Hoy Marcelo enfrenta uno de los momentos más graves y críticos de su carrera. La gran obra de ingeniería anunciada como la Línea de Metro más avanzada con tecnología de punta, fracasó por lo menos en la mitad de su trayecto, por errores de materiales, planeación, diseño y eventualmente -lo sabremos pronto- presupuesto.

Cuando el entonces Jefe de Gobierno del DF anunció orondo los 9 tipos de suelo que tuvieron que solventar para que el tendido de vías y la construcción de estaciones fuera una realidad, pretendió justificar los 7 mil millones de pesos adicionales que se gastaron en la obra. El presupuesto original de 17 mil millones, terminó en 24 mil, con una auditoría incompleta que no ha terminado de explicar con transparencia en qué y cómo se gastó esa fortuna de sobregasto.

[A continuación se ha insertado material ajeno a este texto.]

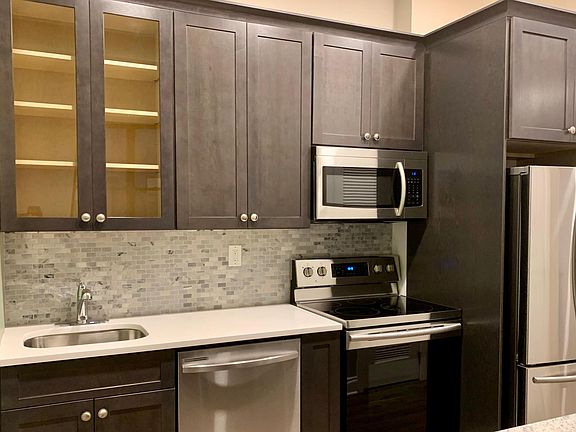 Counter to kitchen view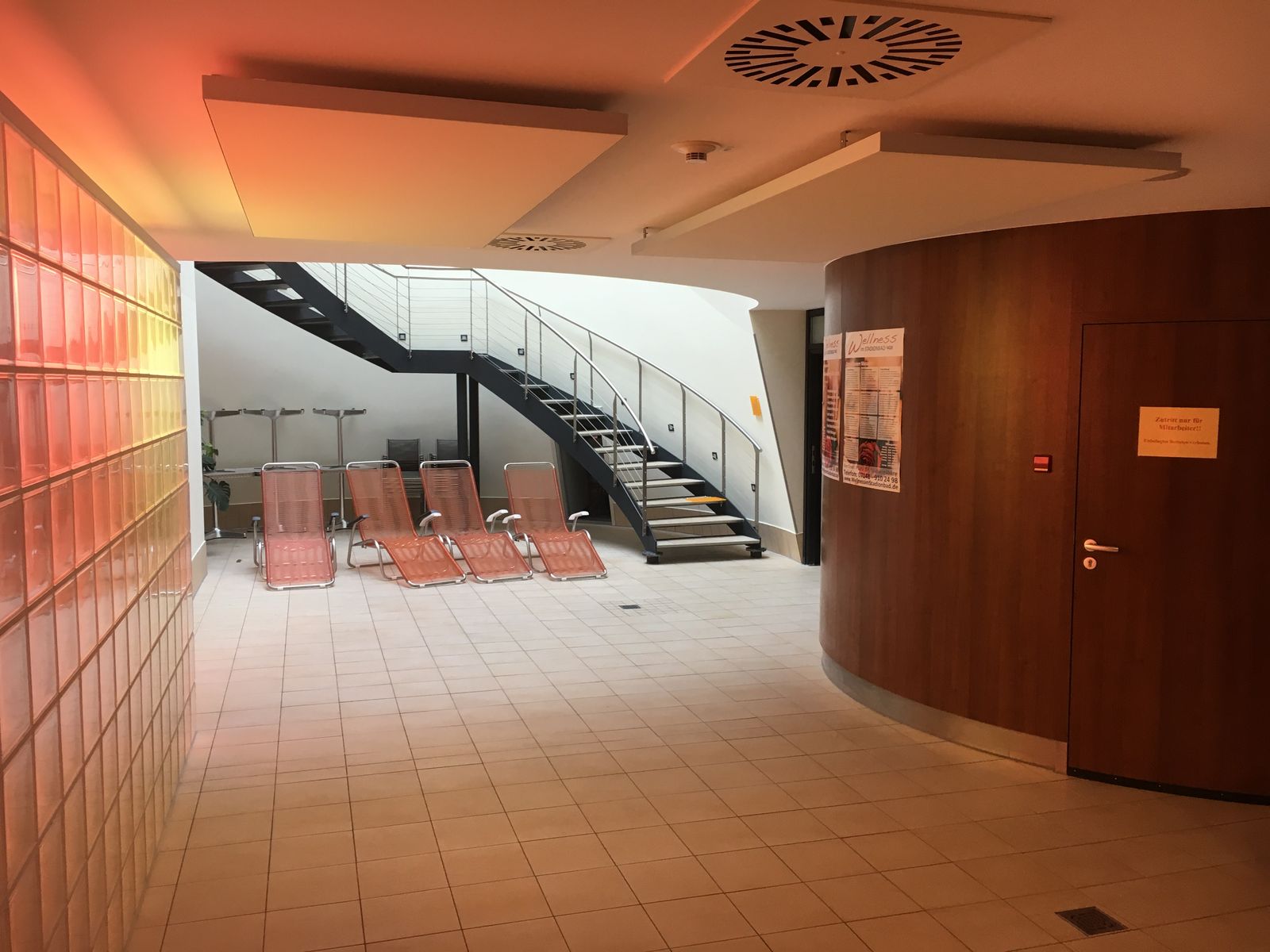Ruhebereich mit Liegen und Deckenabsorbern im Wellnessbereich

Marcelo apareció ayer en una penosa conferencia de prensa, a sostener que está tranquilo y que está a disposición de las autoridades, sin mayor argumento ni explicación más precisa. ¿Señor Ebrard, qué falló? ¿Los peritajes fueron equivocados, falsos, al vapor? ¿Los ingenieros no le dijeron de la mala calidad de los materiales, los tornillos, los cojinetes y los durmientes? Todo lo que hoy demuestra la evidencia como mal hecho, de mala calidad, que se rompe, se fractura y pone en riesgo el funcionamiento de los trenes, ¿es resultado de ineficiencia o de corrupción?

La cualidad de reinventarse en política no es cosa fácil. Requiere de un enorme esfuerzo, capacidad, disciplina y extrema visión para construir alianzas y acuerdos. En México hay casos célebres de reinvención reciente, como la propia Rosario Robles después de su defenestración por parte del PRD y Andrés Manuel.

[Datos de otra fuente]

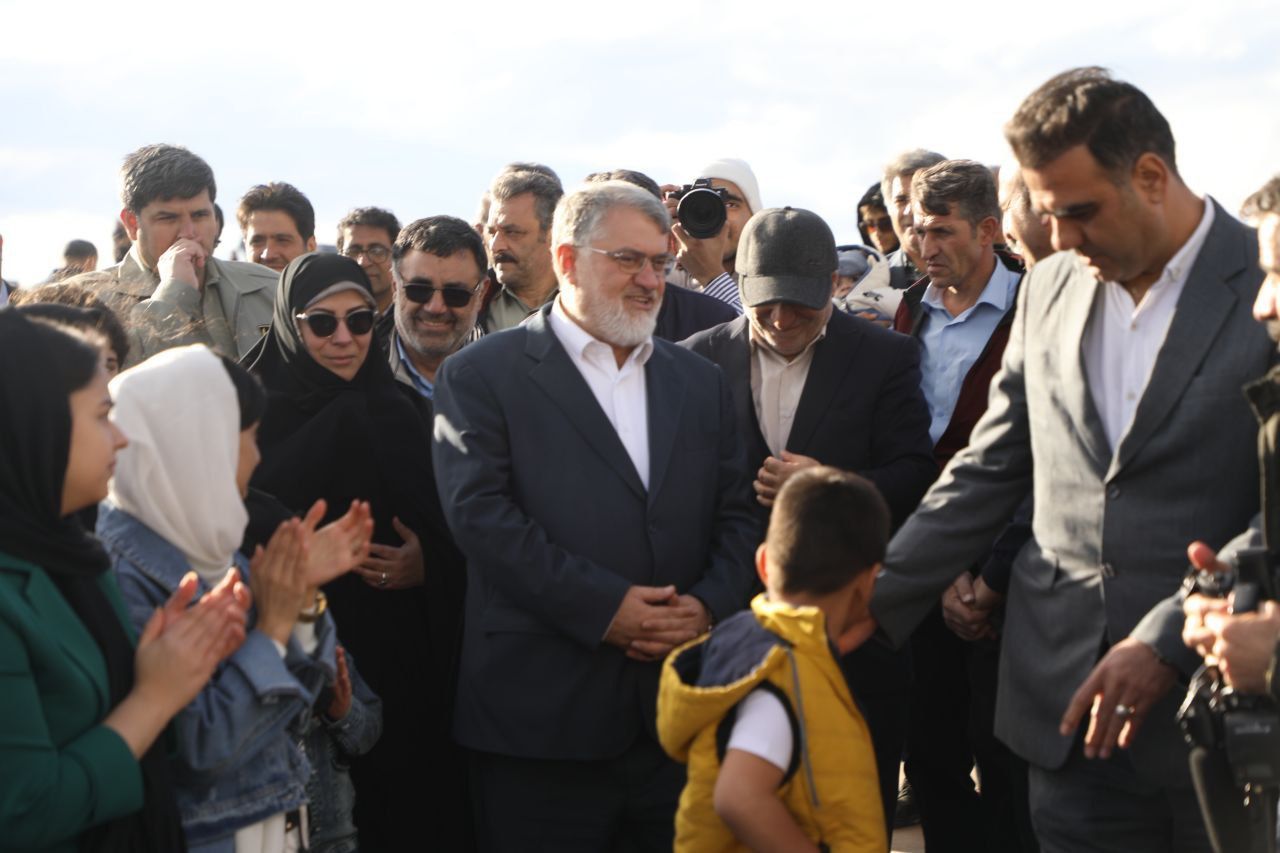 بازدید استاندار آذربایجانغربی از جشن خانوادگی پرواز بادبادک ها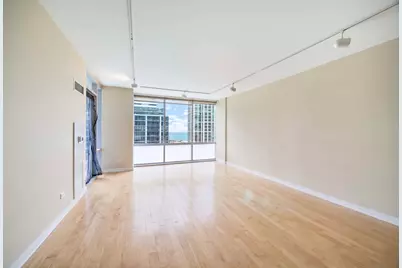 8 E Randolph Street #1803, Chicago, IL 60601 - Photo 6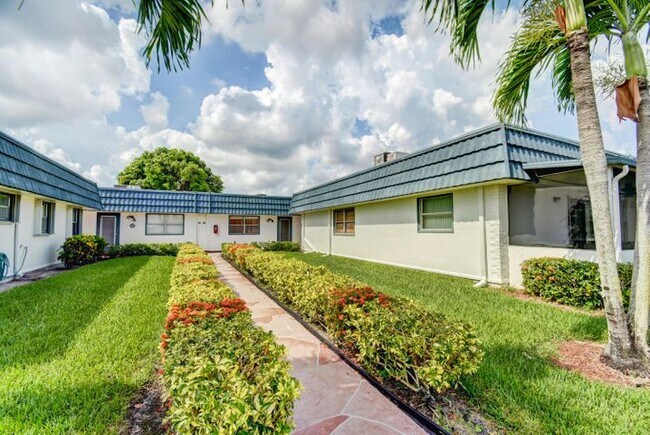 Photo - 42 Waterford B Unit B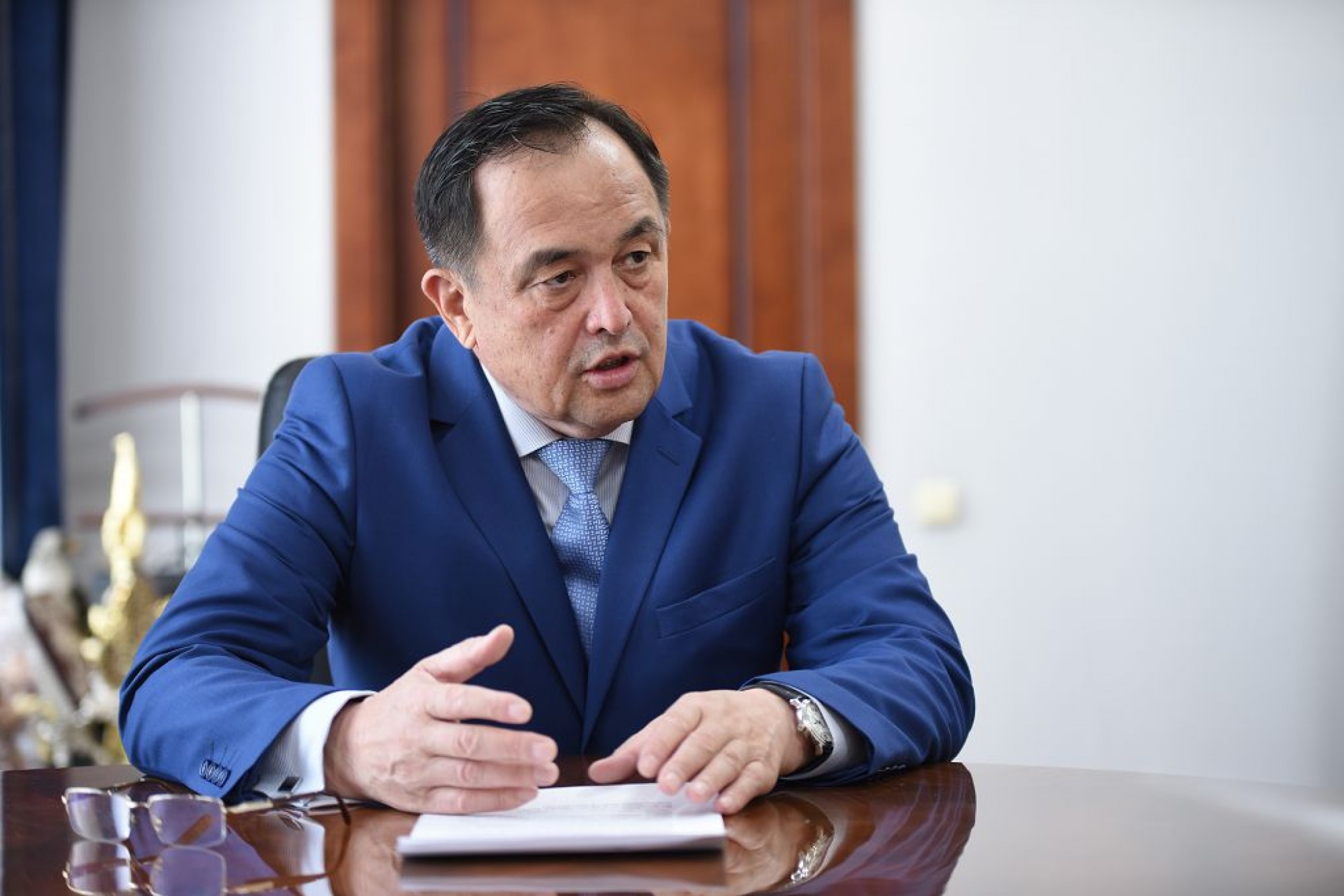 Еңбекқорлығымен бәсекеге түсуі керек 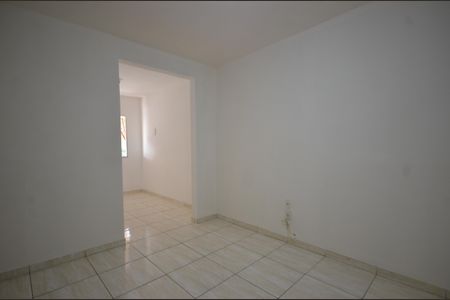 Sala de casa para alugar com 2 quartos, 80m² em Campo Grande, Rio de Janeiro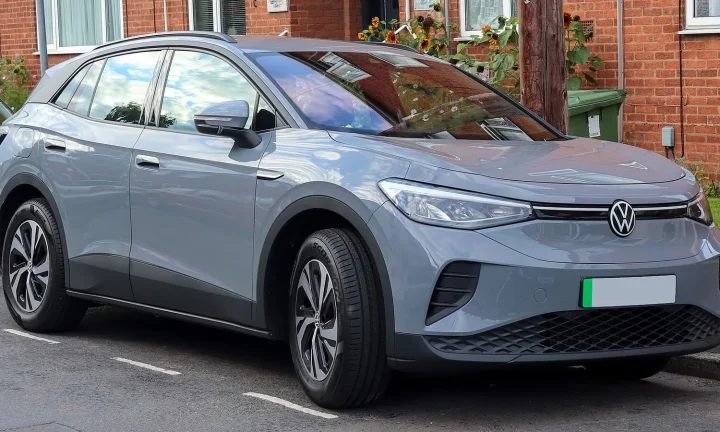 Voiture électrique réelle photographiée en extérieur pour « L’Impact des Conditions Météorologiques Belges sur l’Autonomie des VE »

Ebrard fue capaz de recuperarse después de haber sido cesado por el presidente Fox en el inolvidable y sangriento caso del linchamiento en Tláhuac, donde el secretario de Seguridad Pública del DF en ese entonces brilló por su ausencia y su tardía reacción. Con el apoyo y la punzante oposición de Andrés Manuel a Fox, reinstaló a Marcelo en su gobierno, tal vez sólo para llevarle la contraria al presidente. Ese hecho fue esencial para la carrera de Marcelo hacia la jefatura del Gobierno del Distrito Federal.

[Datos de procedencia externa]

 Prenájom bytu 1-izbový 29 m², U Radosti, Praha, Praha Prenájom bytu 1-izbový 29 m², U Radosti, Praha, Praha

A estas alturas, sin descartar lo alcanzado, se ve difícil que Ebrard pueda remontar el ridículo y el descrédito del desastre en la Línea 12. Todos los peritajes, la tecnología de punta, el orgullo de la línea más sofisticada que él presumió ante el entonces presidente Calderón, resultó insostenible con hechos a 16 meses de operación.

Parece un golpe mortal a la carrera política de un personaje que hoy no encuentra cabida en el PRD, donde prácticamente le han cerrado la puerta. Su horizonte más viable parece Movimiento Ciudadano, antes del éxodo que provocará el registro de Morena.